(Beginning of Data for review)
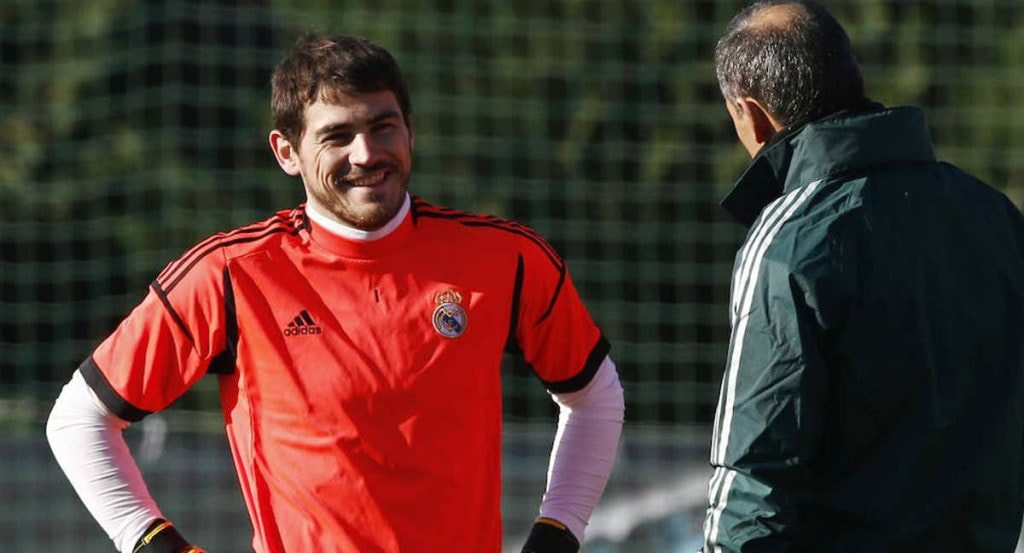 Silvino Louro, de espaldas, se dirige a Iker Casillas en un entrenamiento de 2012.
(End of Data for review)
(Beginning of Data for review)
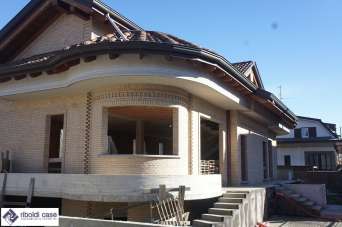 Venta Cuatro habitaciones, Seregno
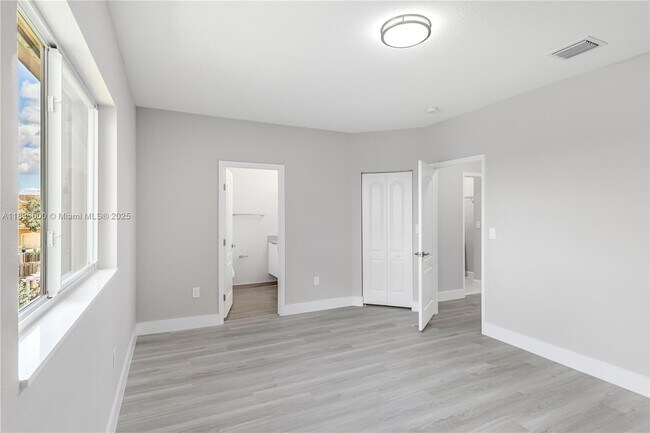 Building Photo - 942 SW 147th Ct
(End of Data for review)
(Beginning of Data for review)
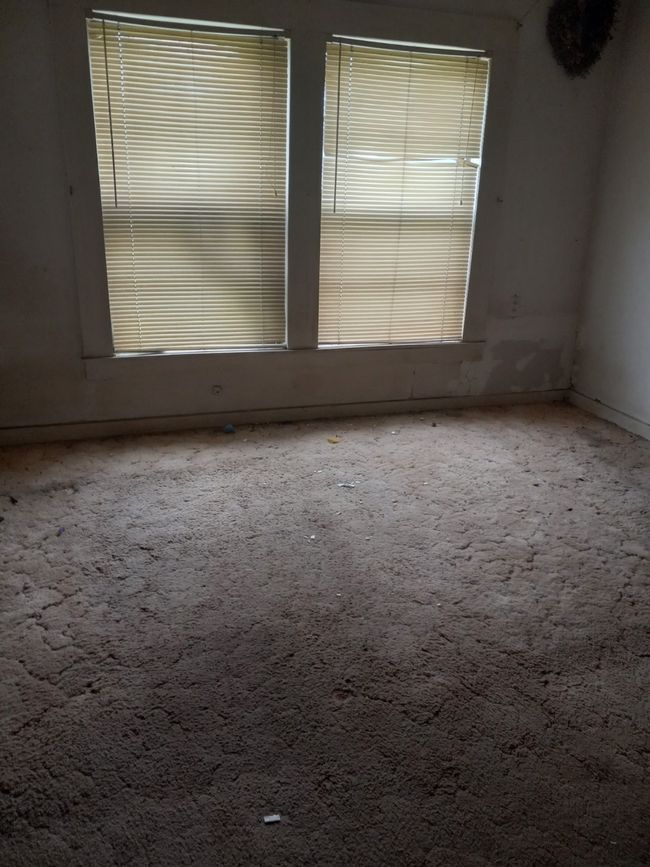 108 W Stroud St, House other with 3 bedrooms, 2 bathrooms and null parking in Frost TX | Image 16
(End of Data for review)
**What is required**. An exact copy of the lines above from the one with "Venta Cuatro habitaciones, Seregno" up to and including the one with "Building Photo - 942 SW 147th Ct" is required; reproduce only those lines, omitting all pictures.

**Result below**.
 Venta Cuatro habitaciones, Seregno
 Building Photo - 942 SW 147th Ct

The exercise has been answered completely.